» **Aim of the exercise**:
Given the material below, return only the lines starting at the line with "Ladies SPROX Ladies" and ending at the line with "Muuto Settle Outdoor", exactly as they appear.

» **Data records**:
= = =

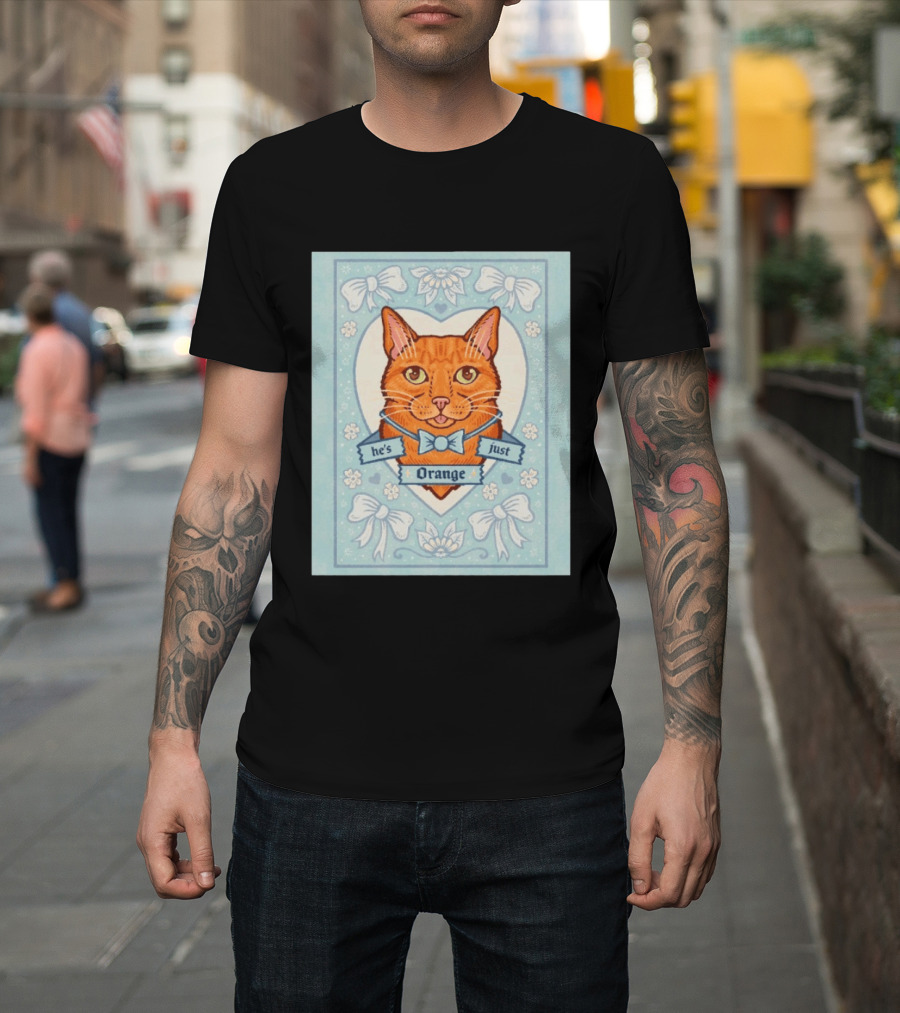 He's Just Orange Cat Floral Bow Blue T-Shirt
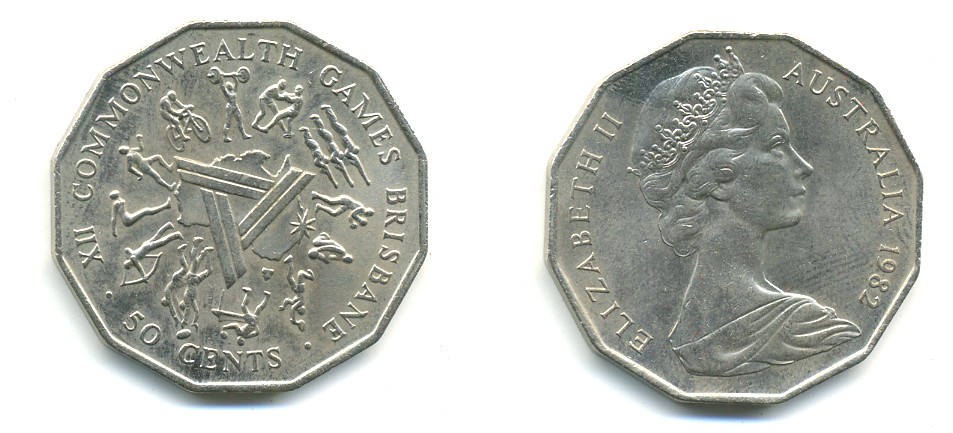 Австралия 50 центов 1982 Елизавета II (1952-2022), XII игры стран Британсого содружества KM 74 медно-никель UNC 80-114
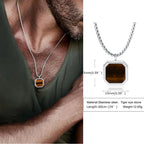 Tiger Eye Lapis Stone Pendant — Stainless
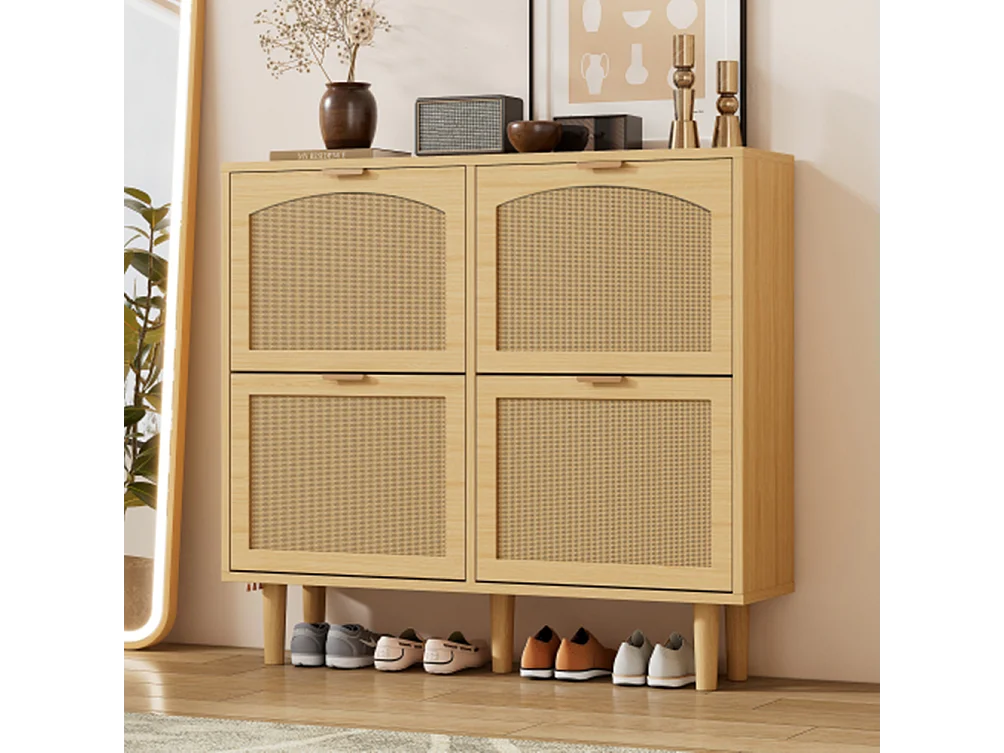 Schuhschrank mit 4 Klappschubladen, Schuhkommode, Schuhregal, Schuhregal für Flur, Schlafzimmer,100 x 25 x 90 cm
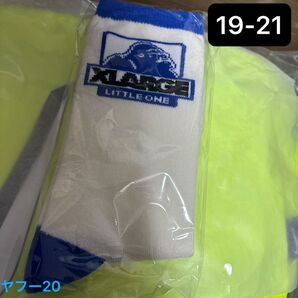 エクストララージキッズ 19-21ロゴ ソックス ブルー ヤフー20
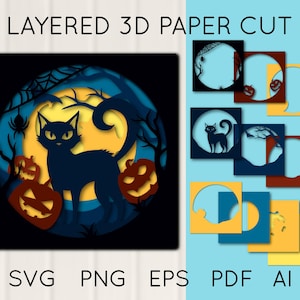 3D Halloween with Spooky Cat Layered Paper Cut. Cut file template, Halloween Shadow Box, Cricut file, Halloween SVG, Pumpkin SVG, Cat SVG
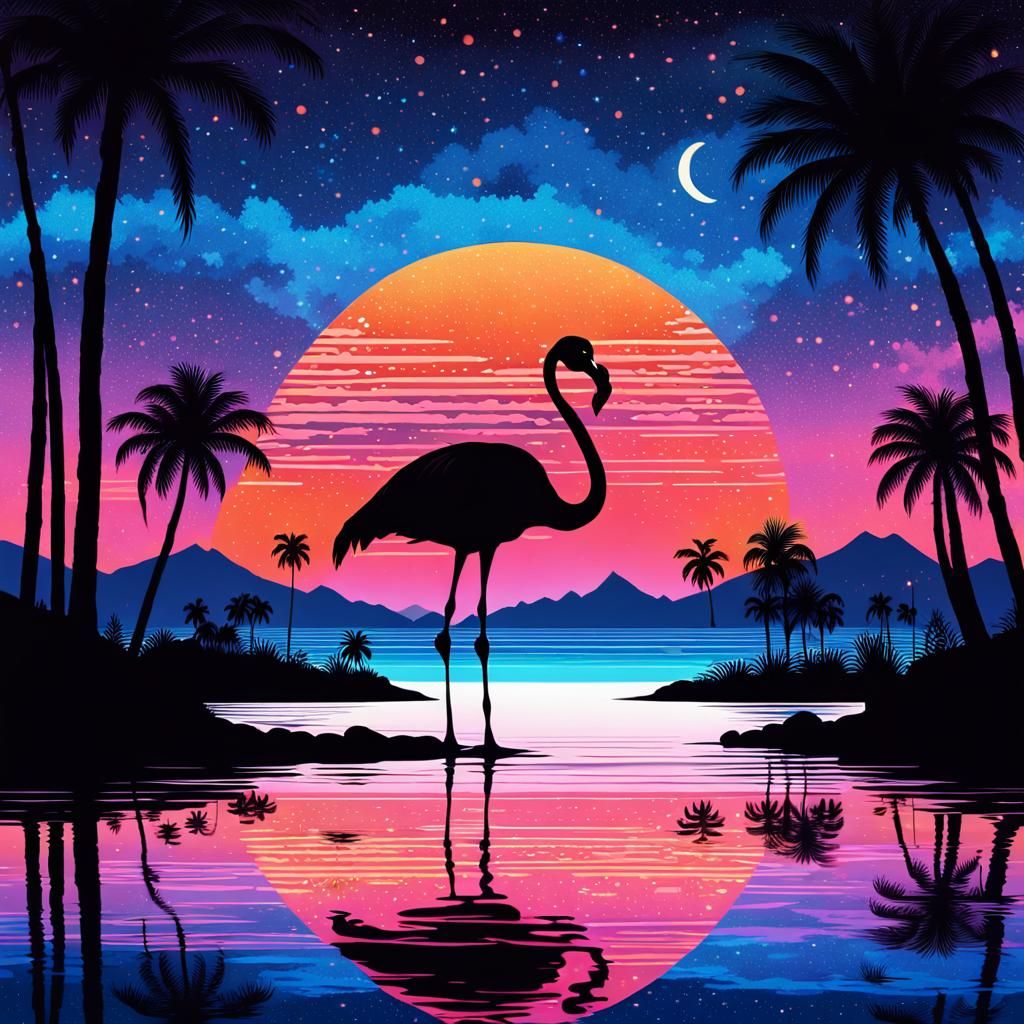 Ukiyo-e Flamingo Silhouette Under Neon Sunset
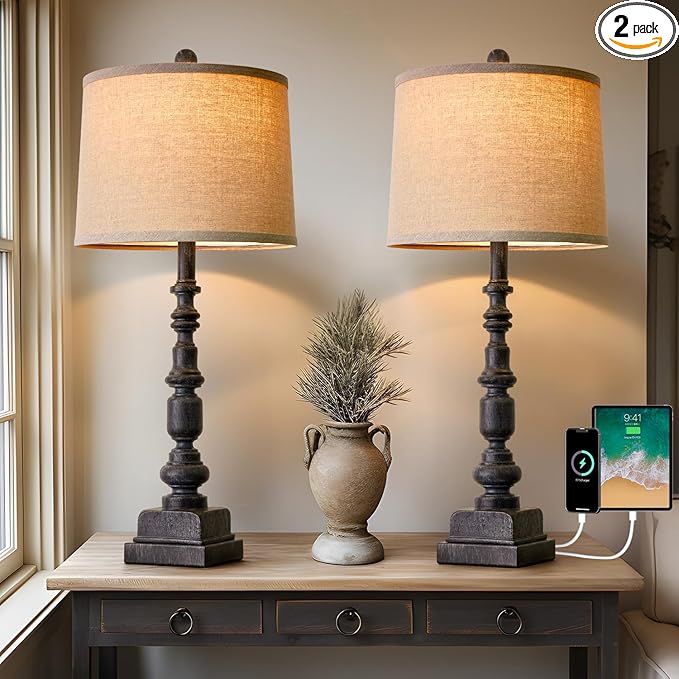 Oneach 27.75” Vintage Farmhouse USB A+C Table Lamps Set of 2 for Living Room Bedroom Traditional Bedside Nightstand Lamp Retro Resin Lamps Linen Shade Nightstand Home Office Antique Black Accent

= = =

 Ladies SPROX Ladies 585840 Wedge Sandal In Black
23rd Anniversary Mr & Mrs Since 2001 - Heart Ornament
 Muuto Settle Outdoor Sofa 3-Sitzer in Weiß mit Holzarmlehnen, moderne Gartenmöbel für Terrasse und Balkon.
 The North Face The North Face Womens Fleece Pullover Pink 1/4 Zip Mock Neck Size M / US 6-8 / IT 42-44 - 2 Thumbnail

= = =

» **Result below**:
 Ladies SPROX Ladies 585840 Wedge Sandal In Black
23rd Anniversary Mr & Mrs Since 2001 - Heart Ornament
 Muuto Settle Outdoor Sofa 3-Sitzer in Weiß mit Holzarmlehnen, moderne Gartenmöbel für Terrasse und Balkon.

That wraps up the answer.